Spaces:

sidphbot
/

Researcher

Build error

File size: 8,951 Bytes

a8d4e3d

"""
oia_metadata.py

authors: Matt Bierbaum and Colin Clement
date: 2019-02-25

This module interacts with the Open Archive Initiative API, downloading
the metadata for all Arxiv articles.

Usage
=====

python oia_metadata.py data/<savefile>.json

Notes
=====
The save file is not technically JSON, but individual streamed lines of JSON,
each of which is compressed by gzip. Use the helper function load_metadata
to be sure to open it without error.

Resources
=========
* http://www.openarchives.org/OAI/2.0/openarchivesprotocol.htm
* https://arxiv.org/help/oa/index
"""

import os
import gzip
import glob
import json
import time
import hashlib
import datetime
import requests
import xml.etree.ElementTree as ET

from arxiv_public_data.config import LOGGER, DIR_BASE

log = LOGGER.getChild('metadata')

URL_ARXIV_OAI = 'https://export.arxiv.org/oai2'
URL_CITESEER_OAI = 'http://citeseerx.ist.psu.edu/oai2'
OAI_XML_NAMESPACES = {
    'OAI': 'http://www.openarchives.org/OAI/2.0/',
    'arXiv': 'http://arxiv.org/OAI/arXivRaw/'
}

def get_list_record_chunk(resumptionToken=None, harvest_url=URL_ARXIV_OAI,
                          metadataPrefix='arXivRaw'):
    """
    Query OIA API for the metadata of 1000 Arxiv article

    Parameters
    ----------
        resumptionToken : str
            Token for the API which triggers the next 1000 articles

    Returns
    -------
        record_chunks : str
            metadata of 1000 arXiv articles as an XML string
    """
    parameters = {'verb': 'ListRecords'}

    if resumptionToken:
        parameters['resumptionToken'] = resumptionToken
    else:
        parameters['metadataPrefix'] = metadataPrefix

    response = requests.get(harvest_url, params=parameters)

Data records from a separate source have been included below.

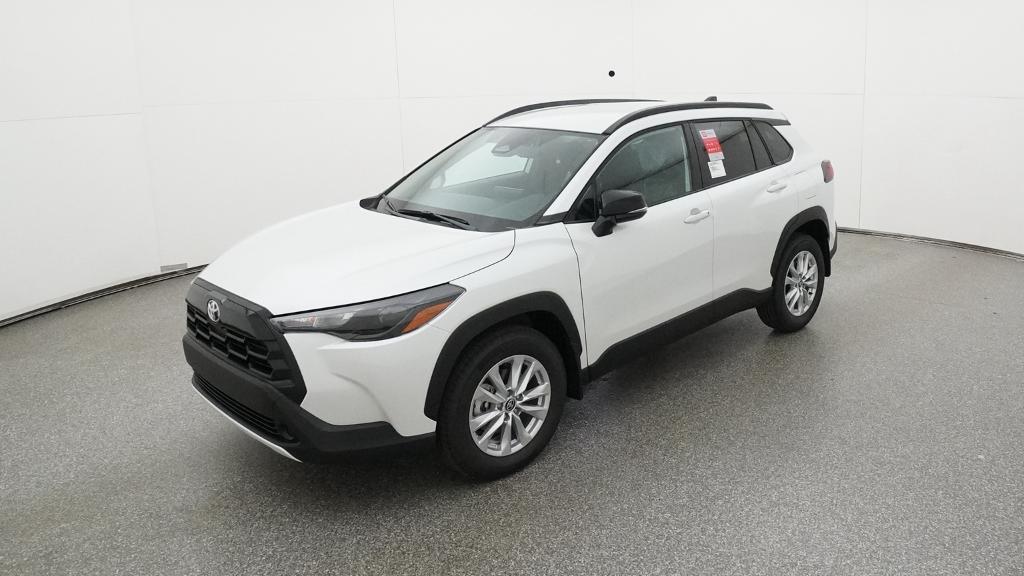 2026 Toyota Corolla Cross LE's photo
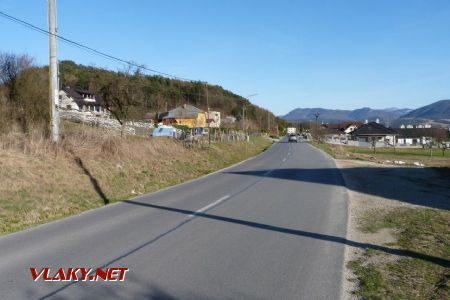 Trať viedla pri hlavnej ceste, Dolná Breznica, 27.3.2022 © Ľuboš Chmatil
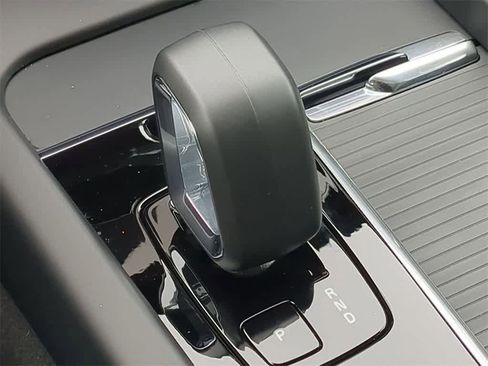 Certified 2025 Volvo XC60 T8 Core w/ Protection Package Premier image 29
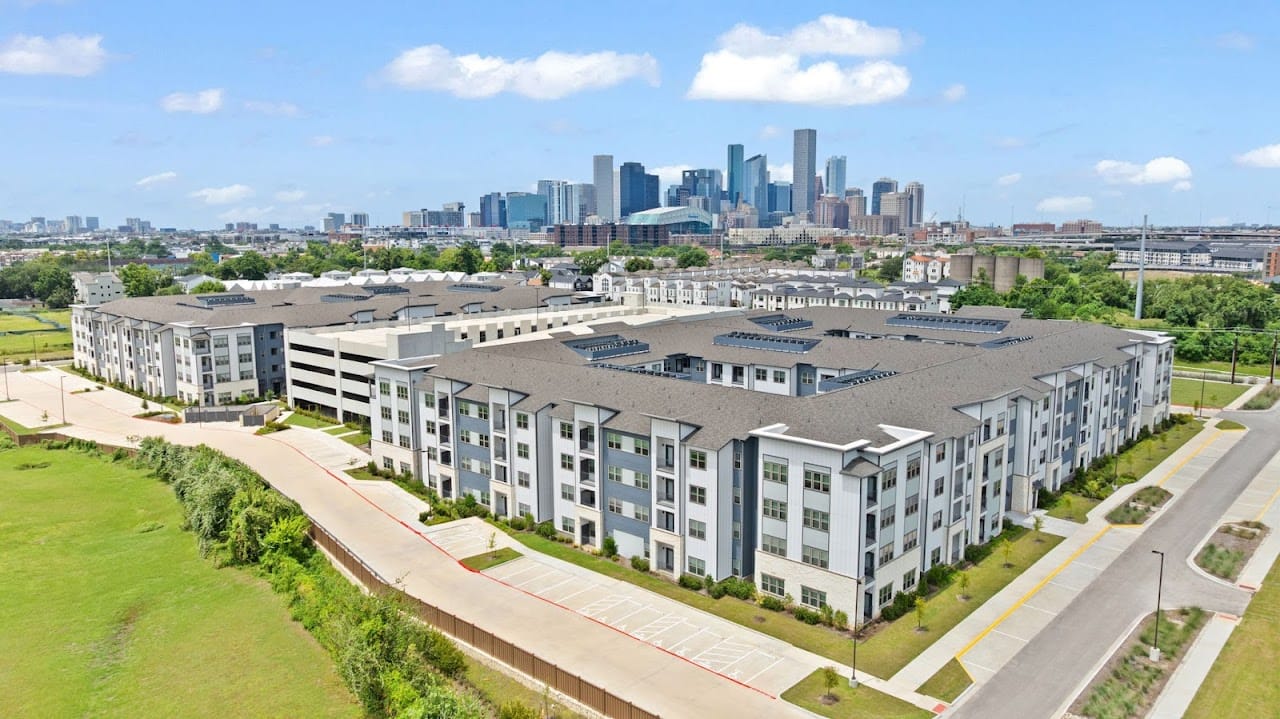 Photo of The Pointe at Bayou Bend at 800 Middle St Houston, TX 77003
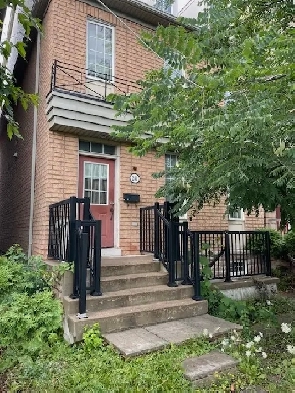 Furnished Room With Shared Shower Close to York Uni and Subway Image# 1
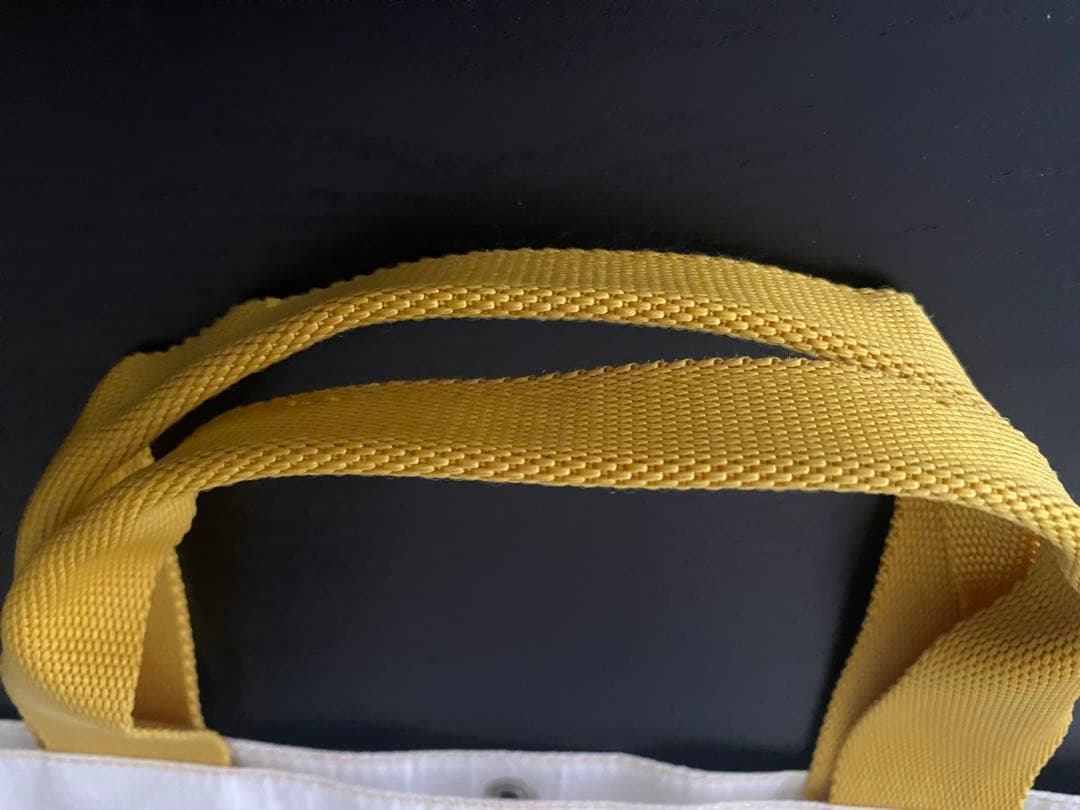 エルベシャプリエ マルシェバック ホワイト×カーキイエロー　Mサイズ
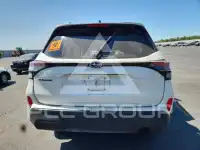 2025 Subaru Forester photo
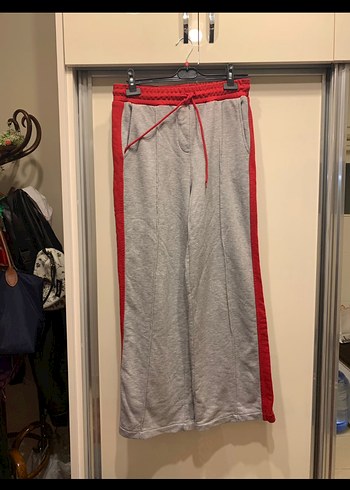 Gri ve Kırmızı Kadın Eşofman Takımı - Görsel 7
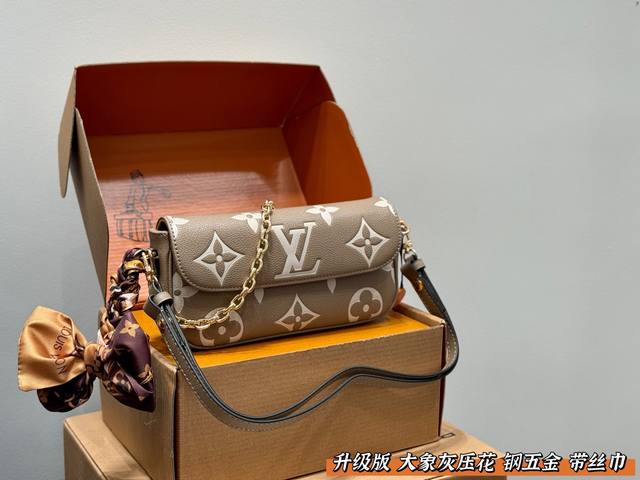 全套包装 升级版!全钢五金 带丝巾! Size:22*12Cm 大象灰色系压花系列 Lv Ivy Woc链条腋下麻将包 去年就超级火, 可真的有它火的道理呀! 全套包装 升级版!全钢五金 带丝巾! Size:22*12Cm 大象灰色系压花系列 Lv Ivy Woc链条腋下麻将包 去年就超级火, 可真的有它火的道理呀!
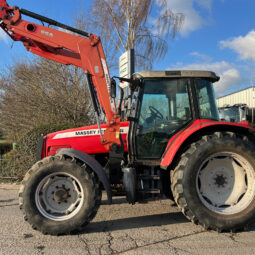 Used Massey Ferguson 5470 Dyna 4 tractor with Loader full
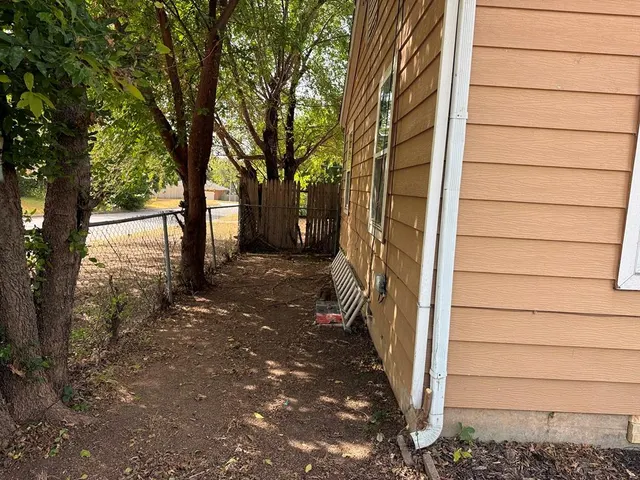 Photo 3 — 4000 NW 15th Street, Oklahoma City, OK 73107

    if response.status_code == 200:
        return response.text

    if response.status_code == 503:
        secs = int(response.headers.get('Retry-After', 20)) * 1.5
        log.info('Requested to wait, waiting {} seconds until retry...'.format(secs))

        time.sleep(secs)
        return get_list_record_chunk(resumptionToken=resumptionToken)
    else:
        raise Exception(
            'Unknown error in HTTP request {}, status code: {}'.format(
                response.url, response.status_code
            )
        )

def _record_element_text(elm, name):
    """ XML helper function for extracting text from leaf (single-node) elements """
    item = elm.find('arXiv:{}'.format(name), OAI_XML_NAMESPACES)
    return item.text if item is not None else None

def _record_element_all(elm, name):
    """ XML helper function for extracting text from queries with multiple nodes """
    return elm.findall('arXiv:{}'.format(name), OAI_XML_NAMESPACES)

def parse_record(elm):
    """
    Parse the XML element of a single ArXiv article into a dictionary of
    attributes

    Parameters
    ----------
        elm : xml.etree.ElementTree.Element
            Element of the record of a single ArXiv article

    Returns
    -------
        output : dict
            Attributes of the ArXiv article stored as a dict with the keys
            id, submitter, authors, title, comments, journal-ref, doi, abstract,
            report-no, categories, and version
    """
    text_keys = [
        'id', 'submitter', 'authors', 'title', 'comments',
        'journal-ref', 'doi', 'abstract', 'report-no'
    ]
    output = {key: _record_element_text(elm, key) for key in text_keys}
    output['categories'] = [
        i.text for i in (_record_element_all(elm, 'categories') or [])
    ]
    output['versions'] = [
        i.attrib['version'] for i in _record_element_all(elm, 'version')
    ]
    return output

def parse_xml_listrecords(root):
    """
    Parse XML of one chunk of the metadata of 1000 ArXiv articles
    into a list of dictionaries

    Parameters
    ----------
        root : xml.etree.ElementTree.Element
            Element containing the records of an entire chunk of ArXiv queries

    Returns
    -------
        records, resumptionToken : list, str
            records is a list of 1000 dictionaries, each containing the
            attributes of a single arxiv article
            resumptionToken is a string which is fed into the subsequent query
    """
    resumptionToken = root.find(
        'OAI:ListRecords/OAI:resumptionToken',
        OAI_XML_NAMESPACES
    )
    resumptionToken = resumptionToken.text if resumptionToken is not None else ''

    records = root.findall(
        'OAI:ListRecords/OAI:record/OAI:metadata/arXiv:arXivRaw',
        OAI_XML_NAMESPACES
    )
    records = [parse_record(p) for p in records]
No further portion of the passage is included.